The world’s highest-peak-power laser diode arrays are now online at Lawrence Livermore National Laboratory.

Representing a total peak power of 3.2 MW, the arrays are destined to become part of the High-Repetition-Rate Advanced Petawatt Laser System (HAPLS) in 2017. Livermore has been developing the arrays for integration into the European Union’s Extreme Light Infrastructure (ELI) Beamlines facility under construction in Prague.

The facility is meant to support international research in advanced imaging, particle acceleration, biophysics, chemistry and quantum physics, in addition to national security applications and industrial processes such as laser peening and laser fusion.


To drive the diode arrays, Livermore needed to develop a completely new type of pulsed-power system. Images courtesy of Damien Jemison/ Lawrence Livermore National Laboratory.


HAPLS is designed to generate 30-fs pulses with peak powers >1 petawatt at a repetition rate of 10 Hz.

The repetition rate will be a major advancement over current petawatt system technologies, which rely on flashlamps as the primary pump source and can fire a maximum of once per second.

In HAPLS, the diode arrays fire 10 times per second, delivering kilojoule laser pulses to the final power amplifier.

To meet the rigorous design specification for HAPLS, Livermore had to look past current laser pump technology.
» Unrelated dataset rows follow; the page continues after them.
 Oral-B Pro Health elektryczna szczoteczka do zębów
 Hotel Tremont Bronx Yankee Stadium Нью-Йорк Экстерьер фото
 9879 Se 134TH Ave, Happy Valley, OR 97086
Existing high-energy scientific laser systems like Livermore’s National Ignition Facility use flashlamp technology to pump atoms in large slabs of laser glass.
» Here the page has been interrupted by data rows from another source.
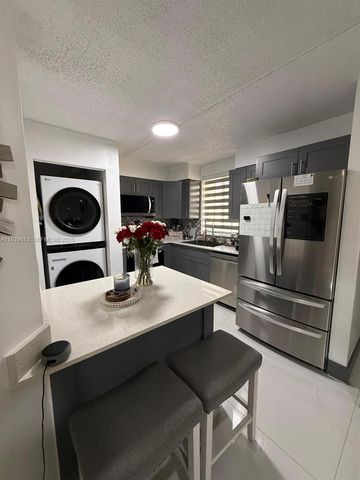 6195 NW 186th St 402, Hialeah, FL 33015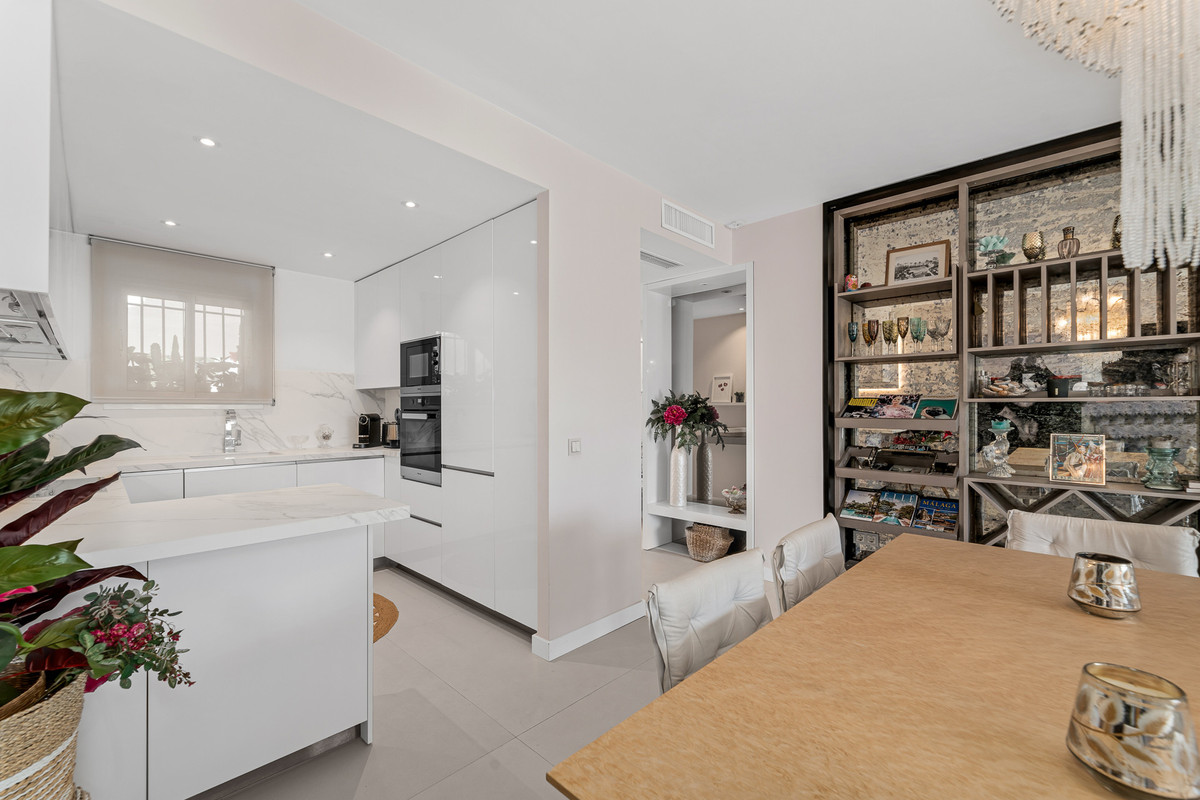 Appartement te koop in The Golden Mile | 3 slaapkamers H5153197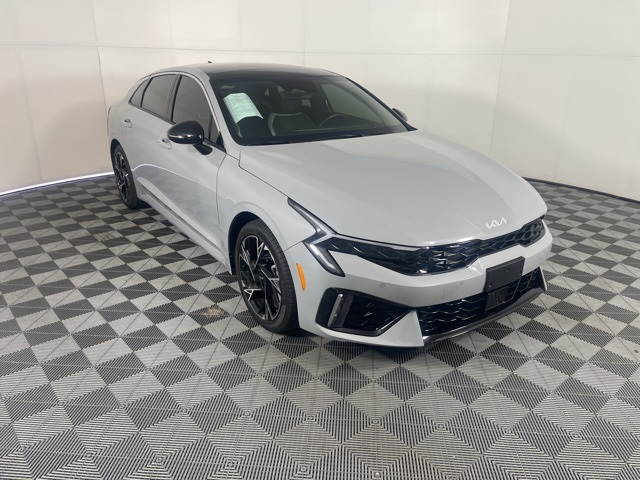 2025 Kia K5 GT-Line photo 4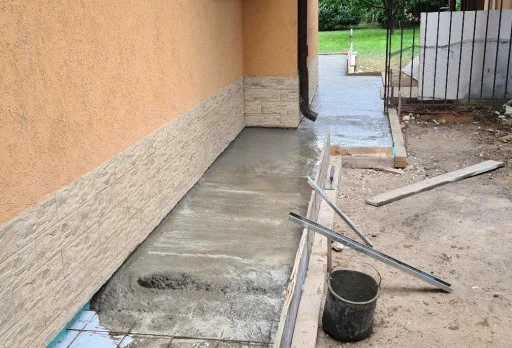 Bau- und Reparaturarbeiten an einem Haus in der Nähe von Varna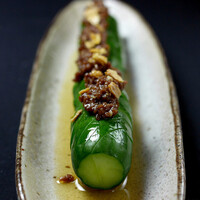 近江牛肉味噌の丸ごと一本胡瓜もろきゅう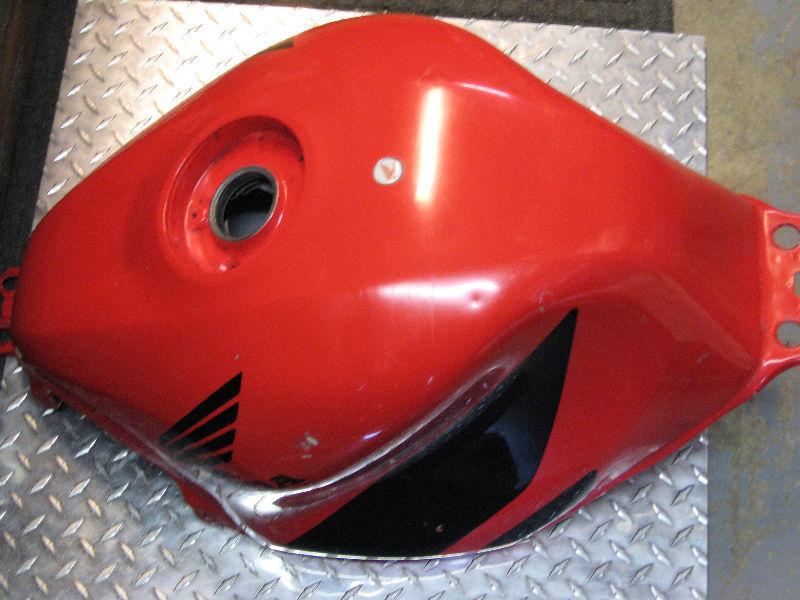 2001-2003 honda cbr-600 f4-i red gas tank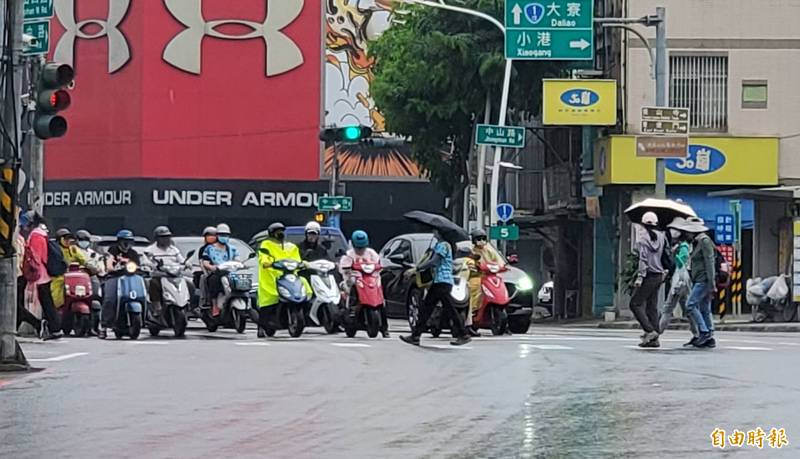 高雄下雨了！地方盼能下大雨，為高雄水情解渴。（記者陳文嬋攝）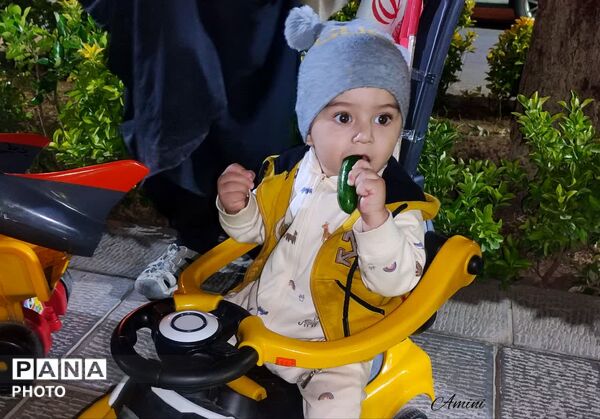 نسل جدید هم پای کار انقلاب هستند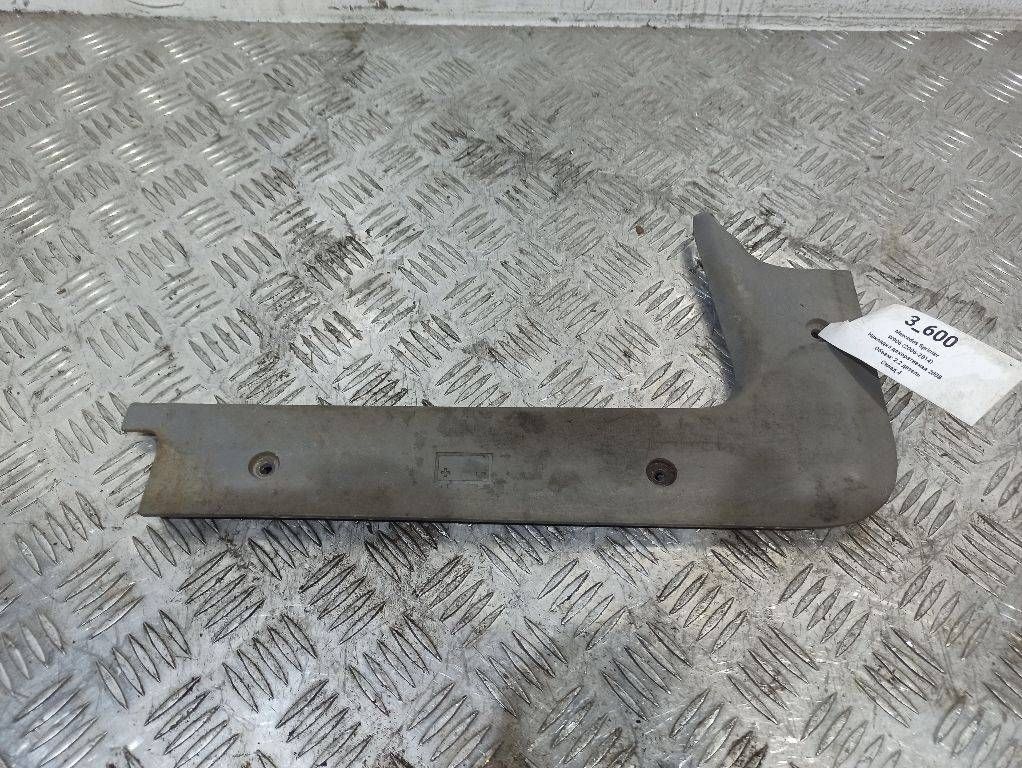 накладка на порог Mercedes-Benz Sprinter 2 поколение (W906) 2007, A9066860507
In order to get to the high repetition rate required by HAPLS, the team needed to come up with technologies that transfer less heat than flashlamps and remove it at faster rates, which lessens the time between laser shots.
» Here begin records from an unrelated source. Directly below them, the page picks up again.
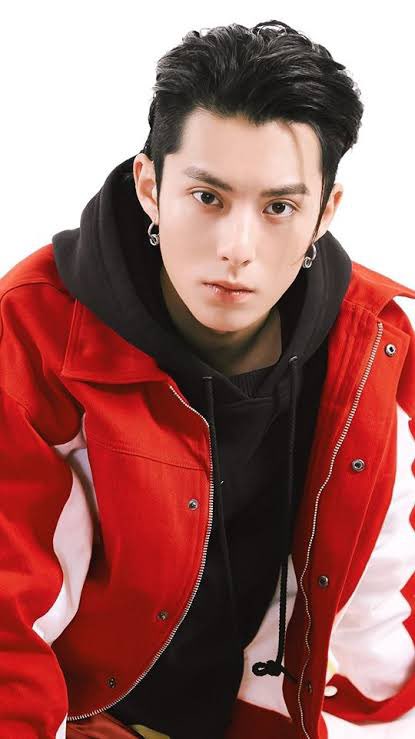 31. Dylan Wang (Actor)he is an actor in China. Krystal is the only korean female celebrity he followed on weibo.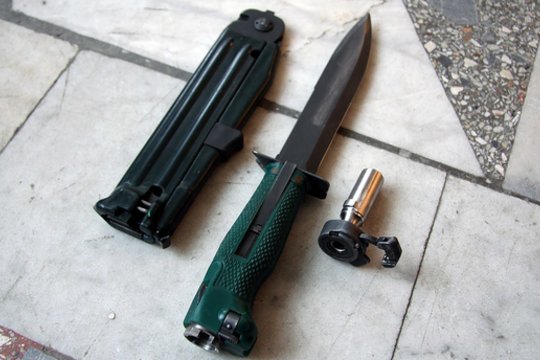 Peilis, kuris gali pavaišinti ir kulka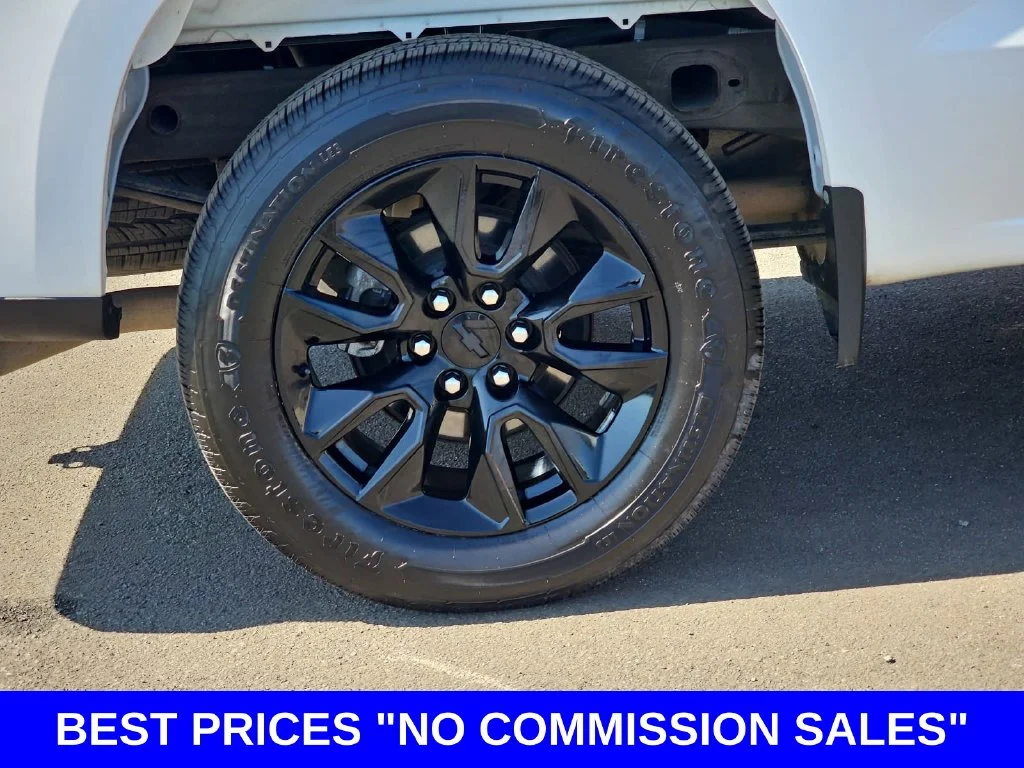 Used 2019 White Chevrolet LT image 37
“Flashlamp technology for lasers has been around for more than 50 years, and we've pretty much pushed the limits of that technology and maxed out what we can do with them,” said HALPS systems architect Dr. Andy Bayramian. “We’ve closed the books on flashlamps and started a new one with these laser diode arrays, enabling a far more advanced class of high-energy laser systems.”


The diode arrays represent total peak power of 3.2 MW, making them the highest peak-power diode arrays in the world. Courtesy of Damien Jemison/Lawrence Livermore National Laboratory.


To develop these diode arrays, Livermore partnered with Lasertel Inc., a member of the Finmeccanica Group and a developer of high-powered semiconductor laser pump modules. Lasertel combined advanced semiconductor laser technology with novel micro-optics to supply the megawatt-class pump modules in a reliable, integrated platform.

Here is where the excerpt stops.